### [Task brief]
Exactly the lines from the first line of the records to the line holding "5 / 作者:财神到68 /" should be duplicated, and nothing more; pictures stay out.

[Web page caption snippets]
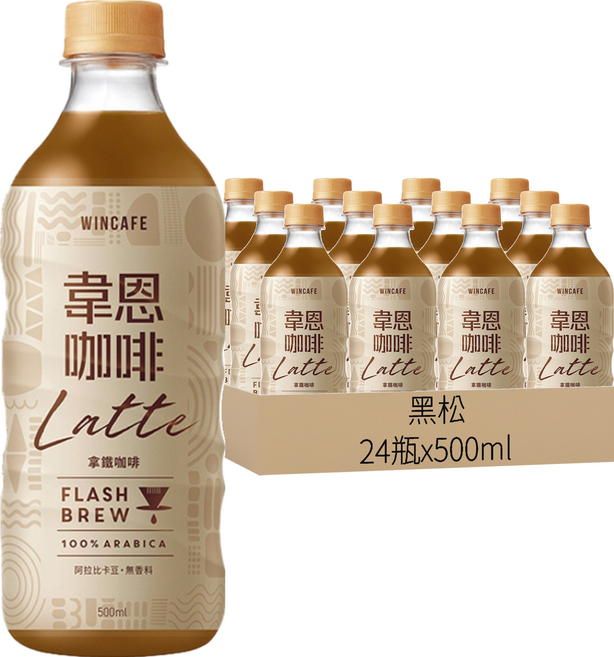 黑松 韋恩咖啡 Flash Brew 閃萃拿鐵咖啡, 500ml, 24瓶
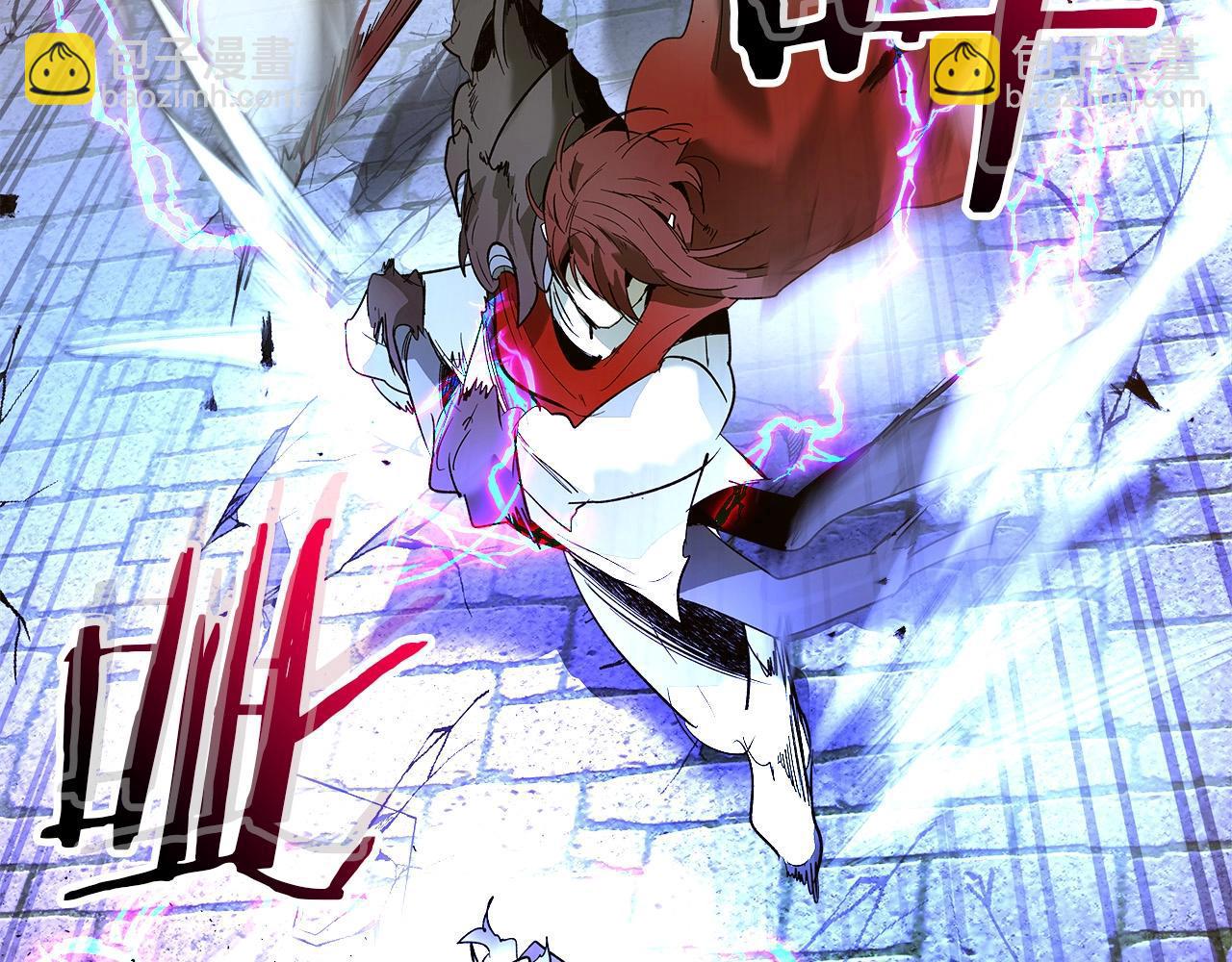 與神一同升級 - 第28話 宙斯之盾(4/5) - 5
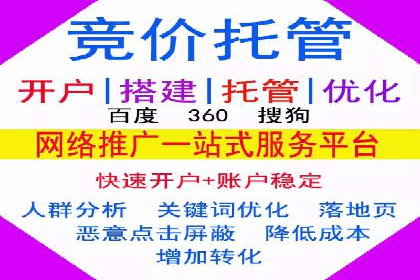 充值返点案例研究：市场趋势分析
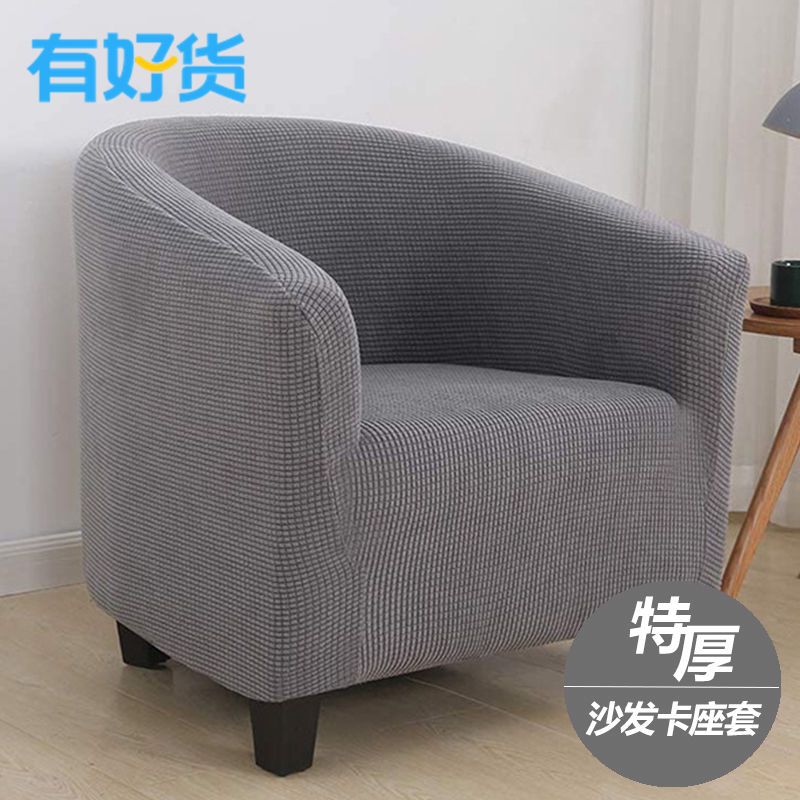 简约弹力半圆形u型沙发套罩单人小沙发保护套沙发套万能酒店网吧【2月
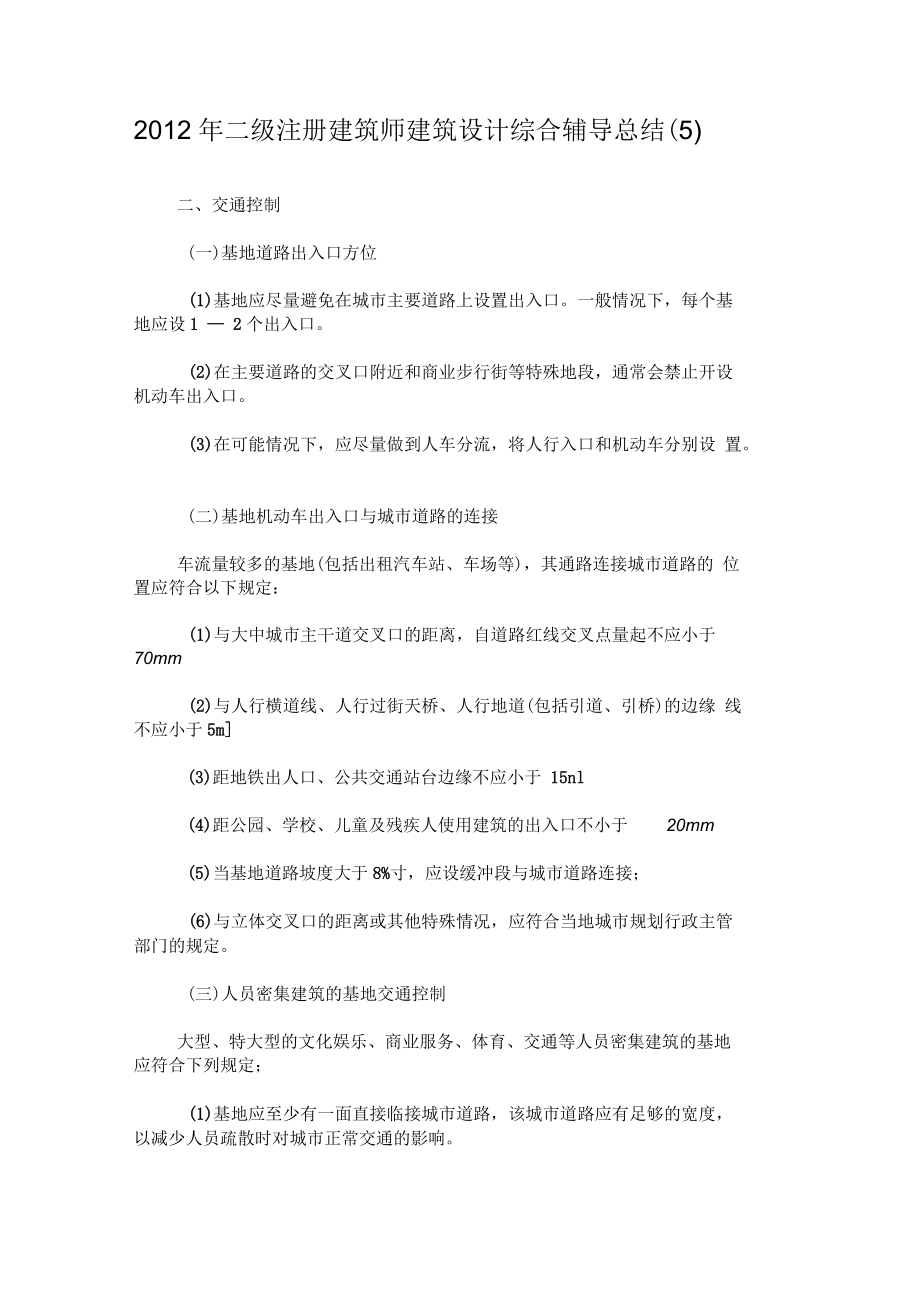 二级注册建筑师建筑设计综合辅导总结(五)要点.docx_第1页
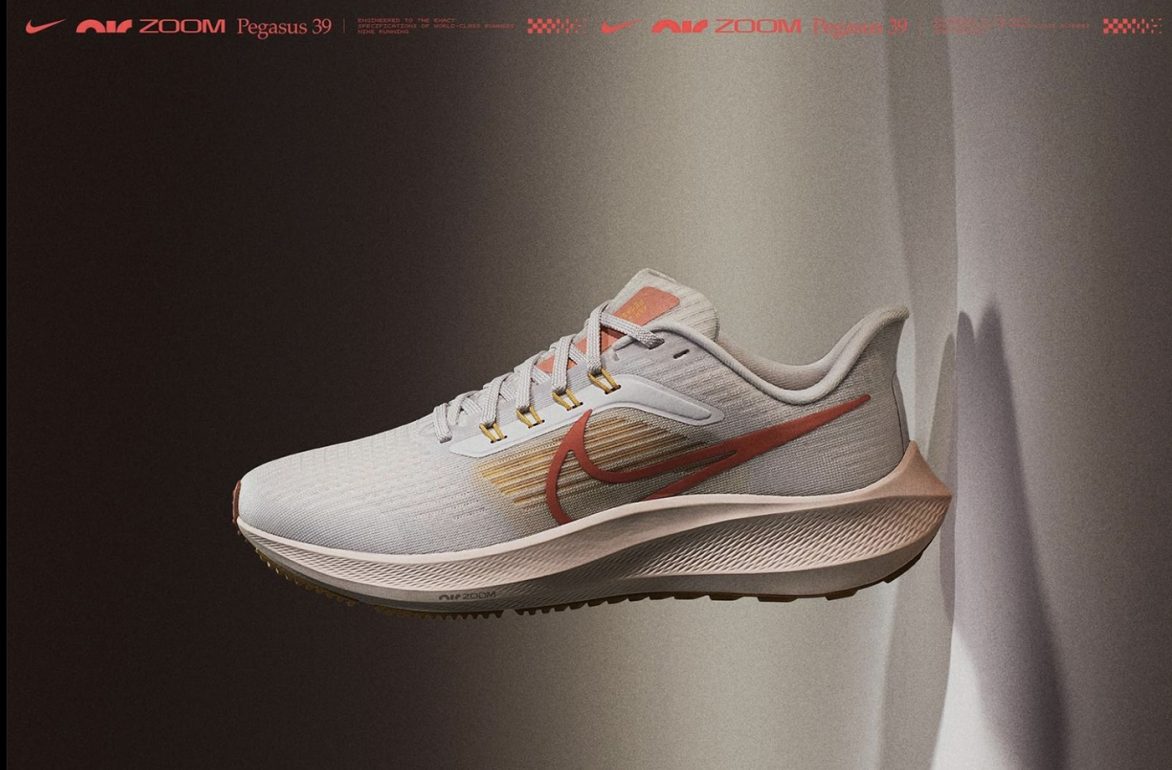 Miami Dolphins Nike Air Pegasus 39 sneakers, how to buy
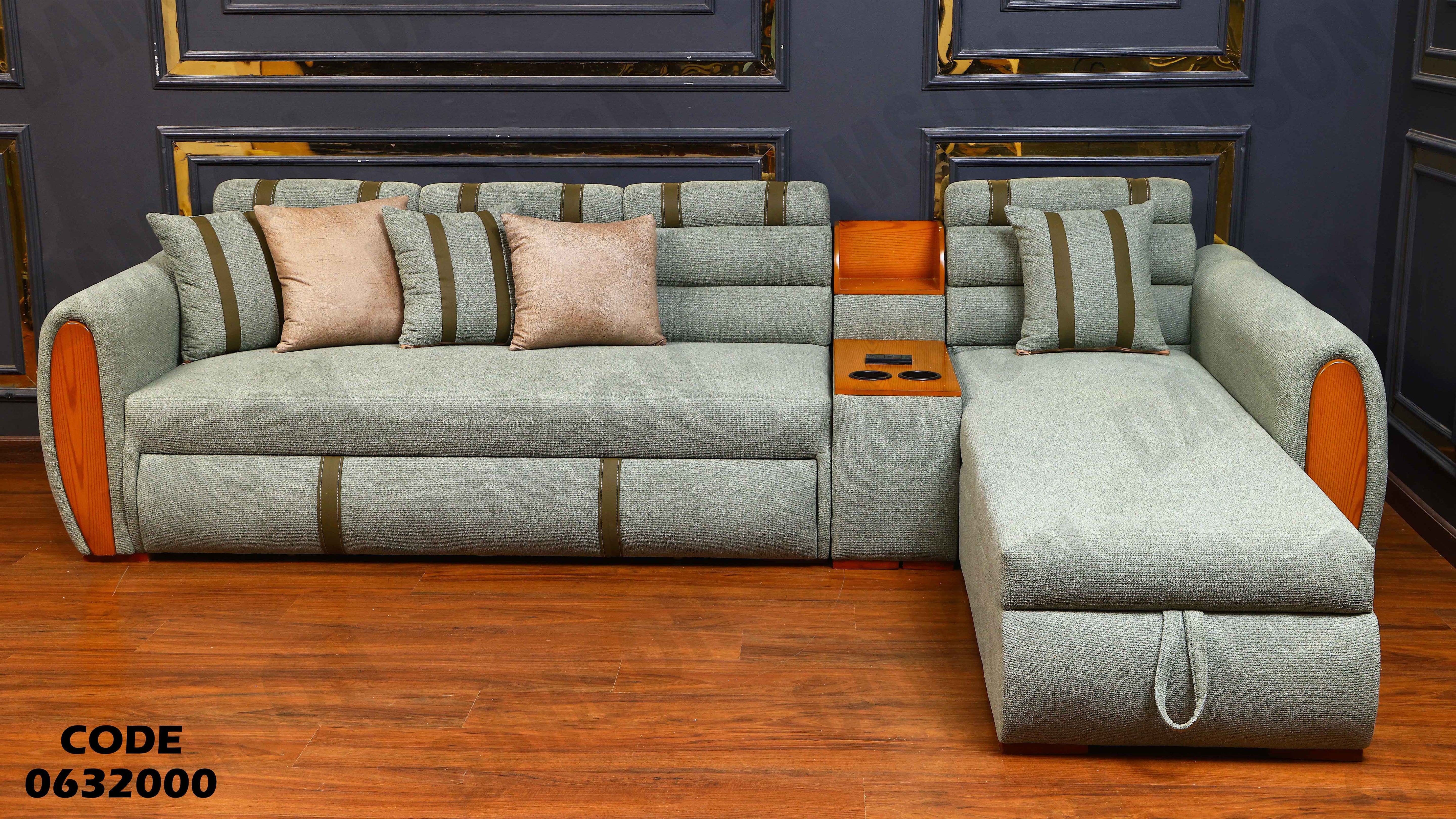 ركنة سرير و سحارة 320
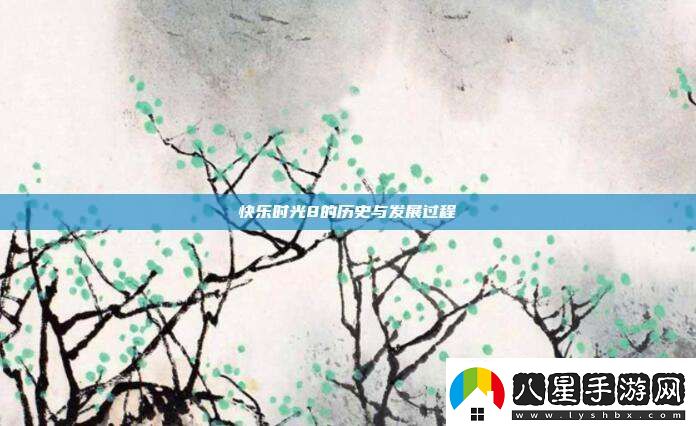快樂時光8的歷史與發(fā)展過程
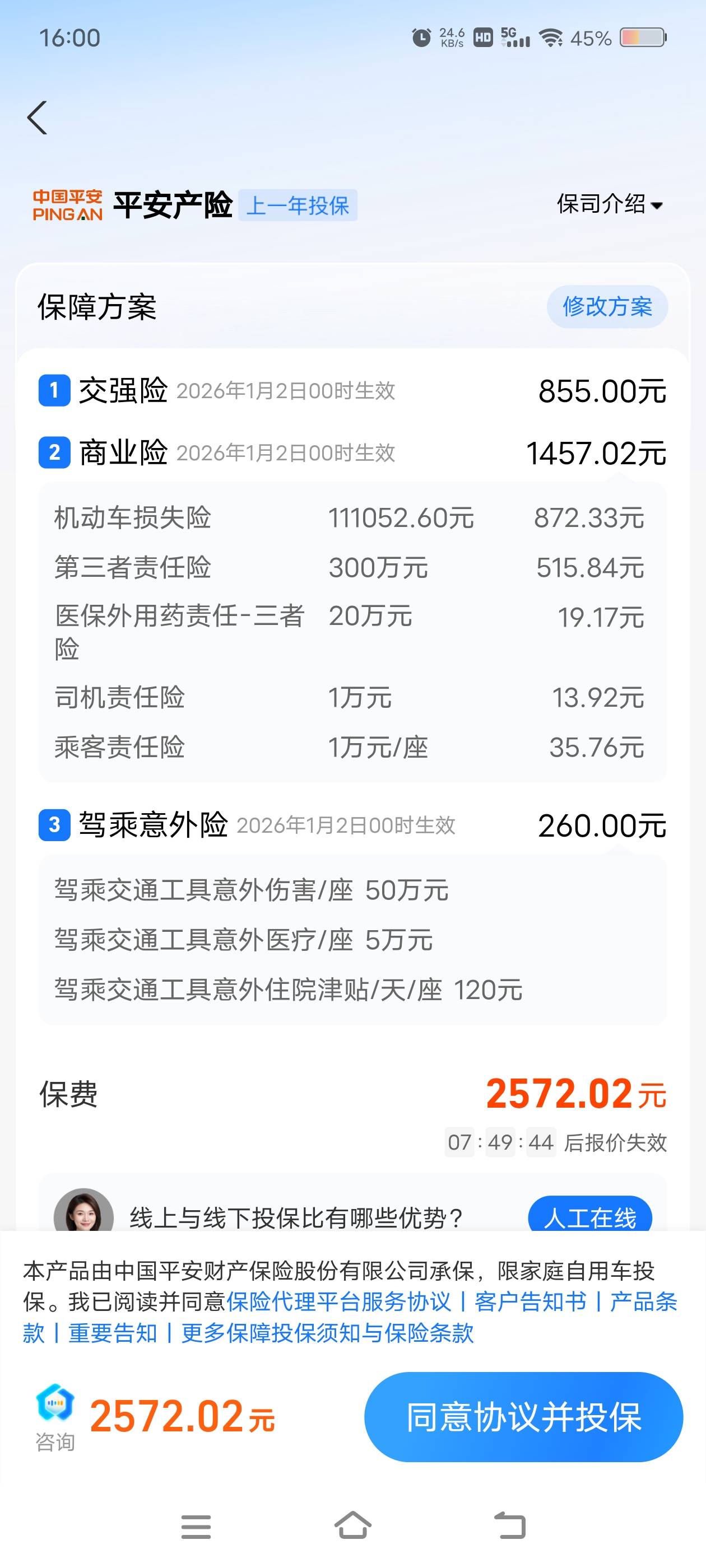 老哥们，这个保险怎么样价格合适吗？2879实际支付2398

5 / 作者:财神到68 / 
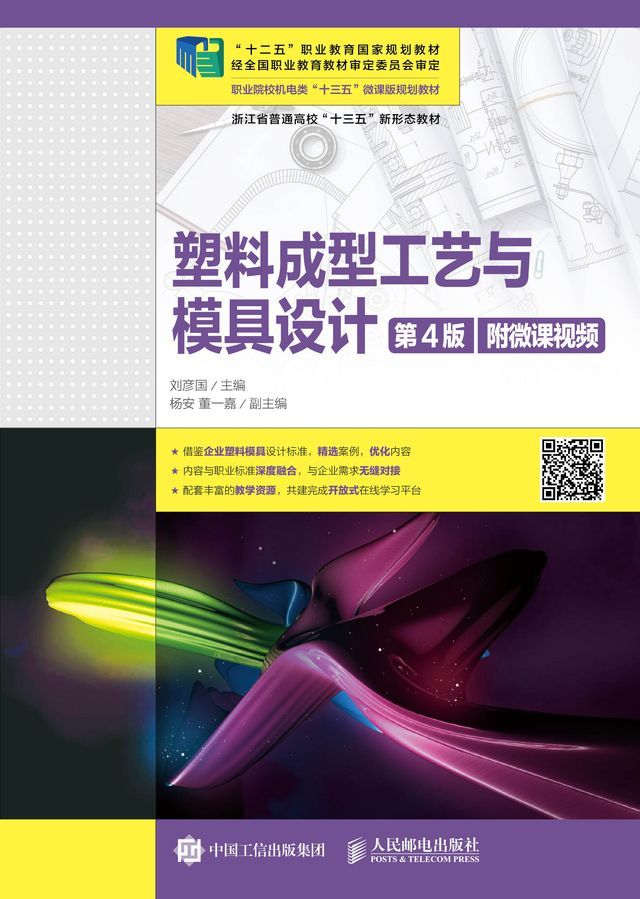  塑料成型工艺与模具设计（第4版）(Kobo/電子書)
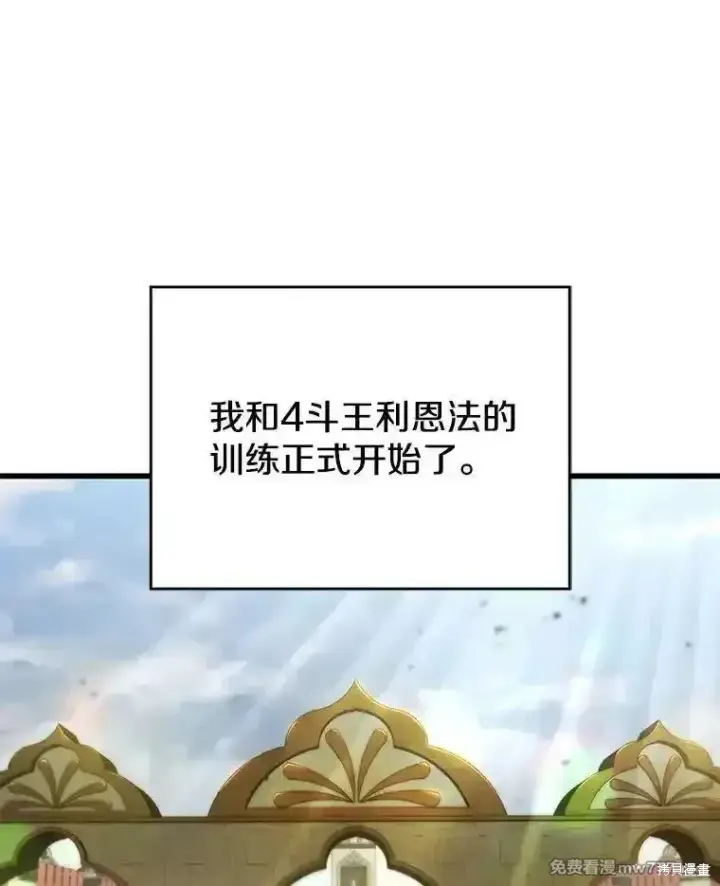 漫画《剑术名门的小儿子》第133话第73张图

### [Response to this exercise]
 黑松 韋恩咖啡 Flash Brew 閃萃拿鐵咖啡, 500ml, 24瓶
 與神一同升級 - 第28話 宙斯之盾(4/5) - 5
 充值返点案例研究：市场趋势分析
 简约弹力半圆形u型沙发套罩单人小沙发保护套沙发套万能酒店网吧【2月
 二级注册建筑师建筑设计综合辅导总结(五)要点.docx_第1页
 Miami Dolphins Nike Air Pegasus 39 sneakers, how to buy
 ركنة سرير و سحارة 320
快樂時光8的歷史與發(fā)展過程
 老哥们，这个保险怎么样价格合适吗？2879实际支付2398

5 / 作者:财神到68 / 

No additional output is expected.